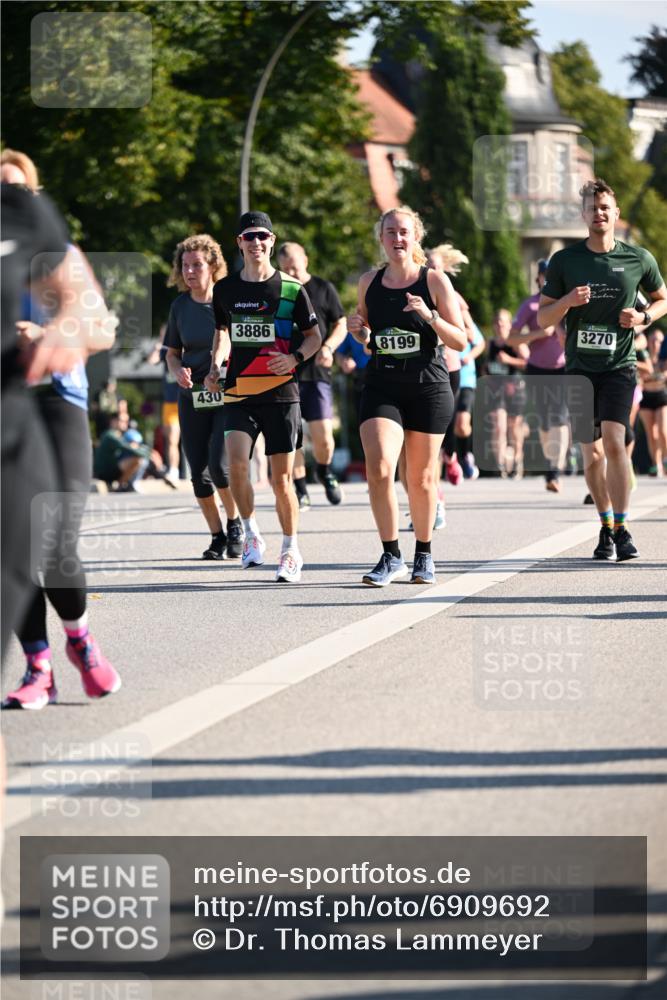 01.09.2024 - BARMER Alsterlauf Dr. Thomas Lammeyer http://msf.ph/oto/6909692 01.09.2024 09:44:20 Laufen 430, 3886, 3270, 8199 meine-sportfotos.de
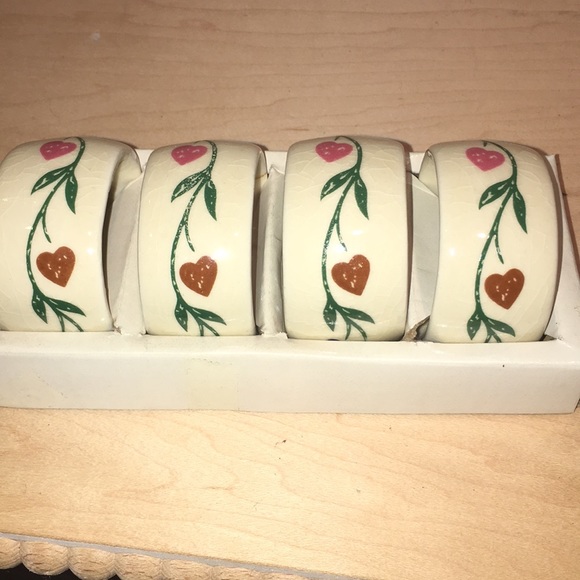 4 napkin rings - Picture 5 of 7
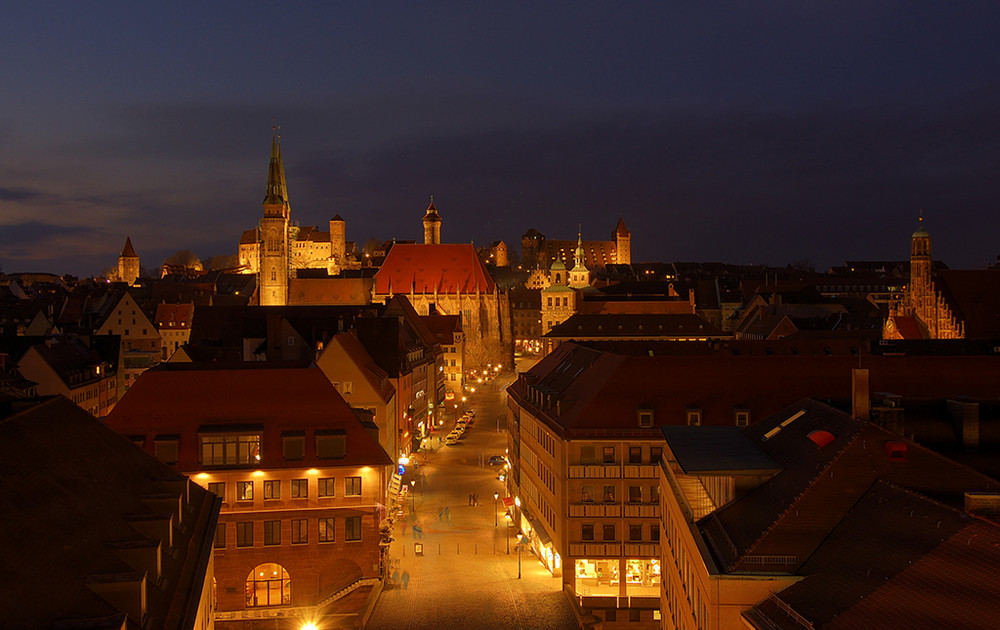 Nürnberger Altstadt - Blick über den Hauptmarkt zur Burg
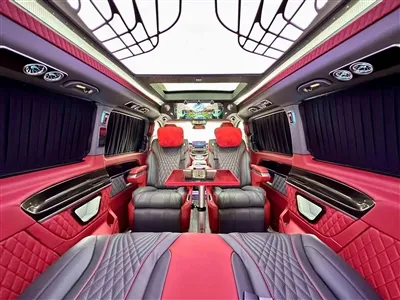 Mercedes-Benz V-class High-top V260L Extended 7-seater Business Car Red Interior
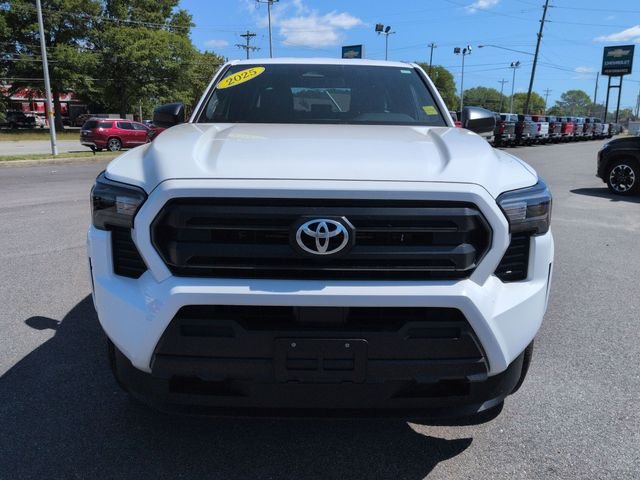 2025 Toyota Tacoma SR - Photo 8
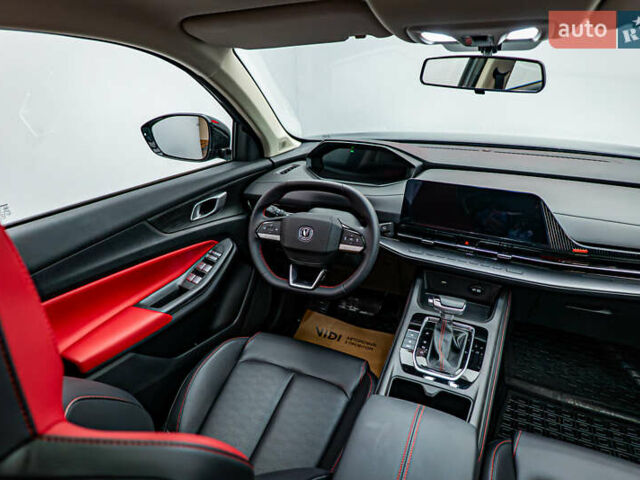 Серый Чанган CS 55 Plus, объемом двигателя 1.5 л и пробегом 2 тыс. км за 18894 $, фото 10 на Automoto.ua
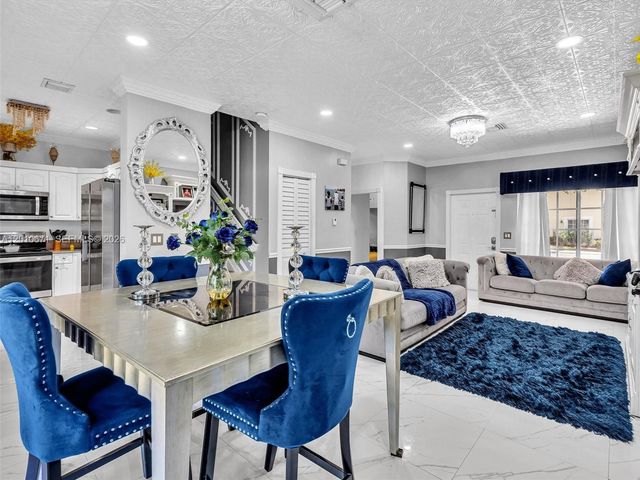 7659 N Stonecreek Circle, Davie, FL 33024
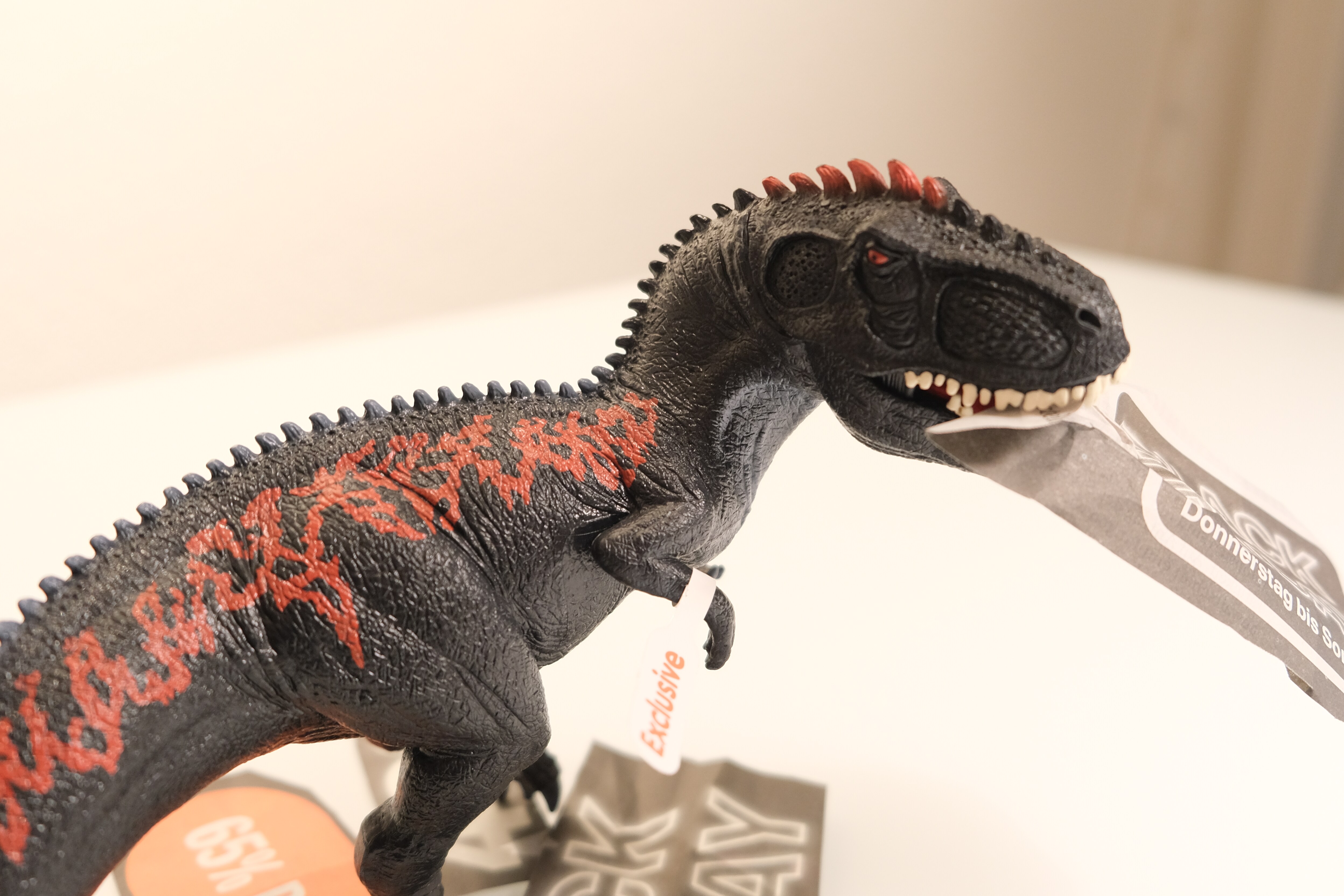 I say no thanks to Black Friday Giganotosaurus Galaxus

* * * * * * * * *

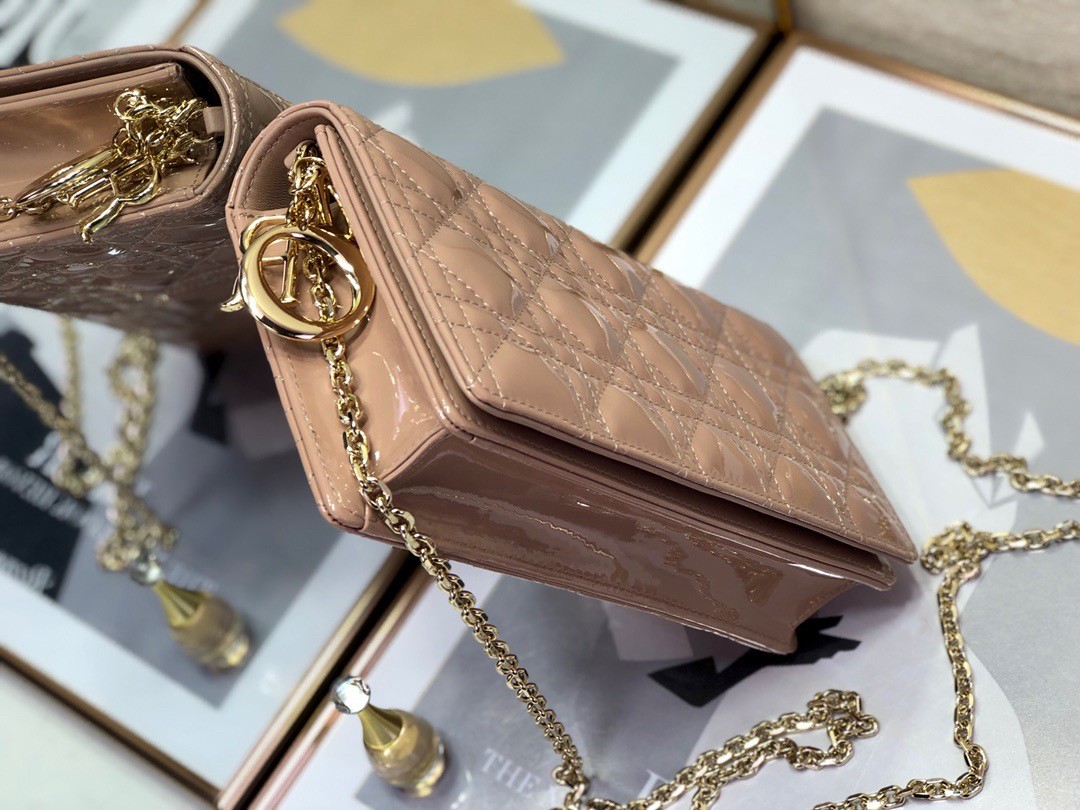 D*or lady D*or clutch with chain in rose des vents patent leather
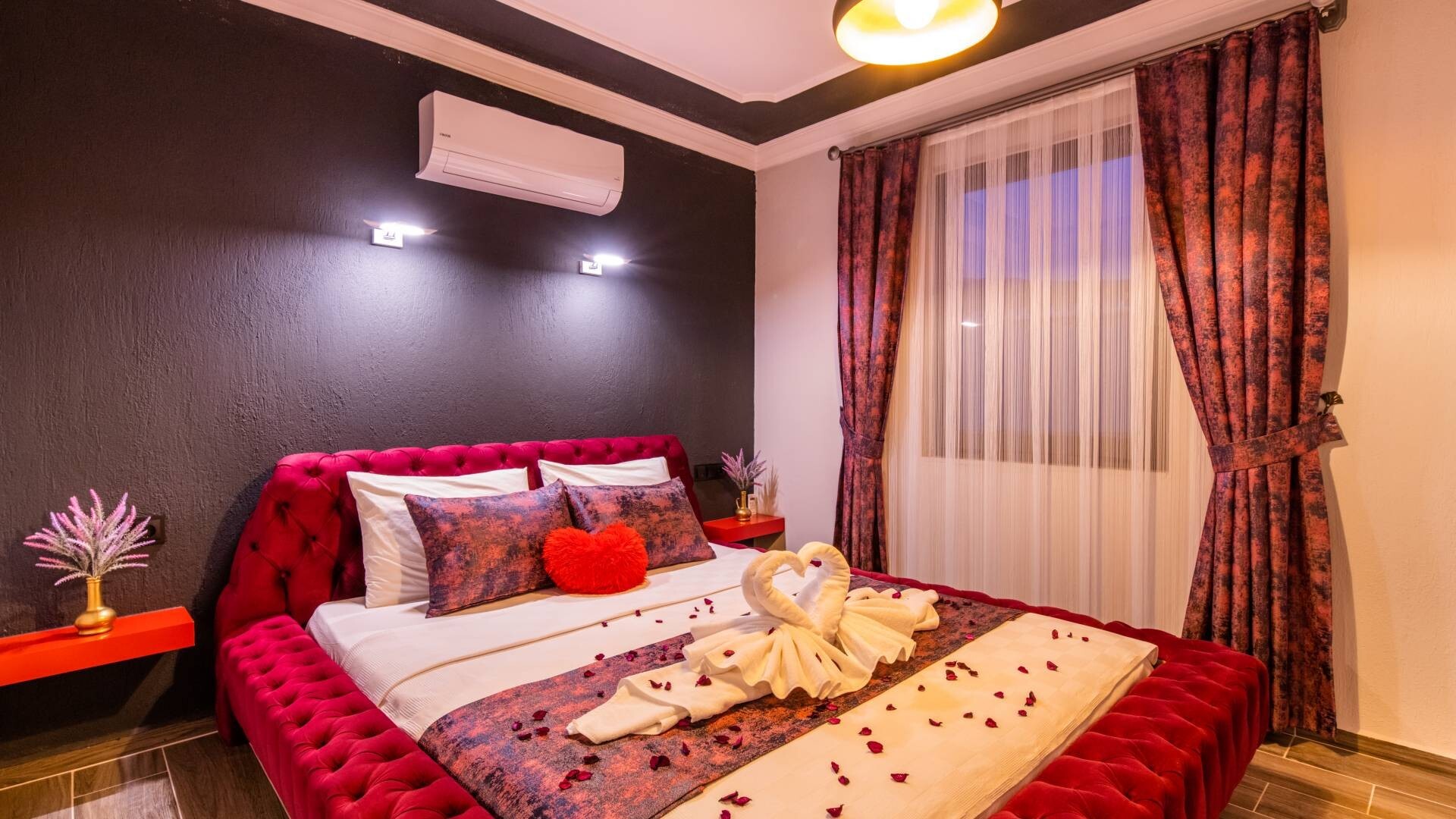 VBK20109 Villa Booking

* * * * * * * * *

Having found the line with "01.09.2024 - BARMER" and the line with "7659 N Stonecreek Circle, Davie, FL 33024" in the material above, write out exactly those two and every line between, leaving the pictures out.

 01.09.2024 - BARMER Alsterlauf Dr. Thomas Lammeyer http://msf.ph/oto/6909692 01.09.2024 09:44:20 Laufen 430, 3886, 3270, 8199 meine-sportfotos.de
 4 napkin rings - Picture 5 of 7
 Nürnberger Altstadt - Blick über den Hauptmarkt zur Burg
 Mercedes-Benz V-class High-top V260L Extended 7-seater Business Car Red Interior
 2025 Toyota Tacoma SR - Photo 8
 Серый Чанган CS 55 Plus, объемом двигателя 1.5 л и пробегом 2 тыс. км за 18894 $, фото 10 на Automoto.ua
 7659 N Stonecreek Circle, Davie, FL 33024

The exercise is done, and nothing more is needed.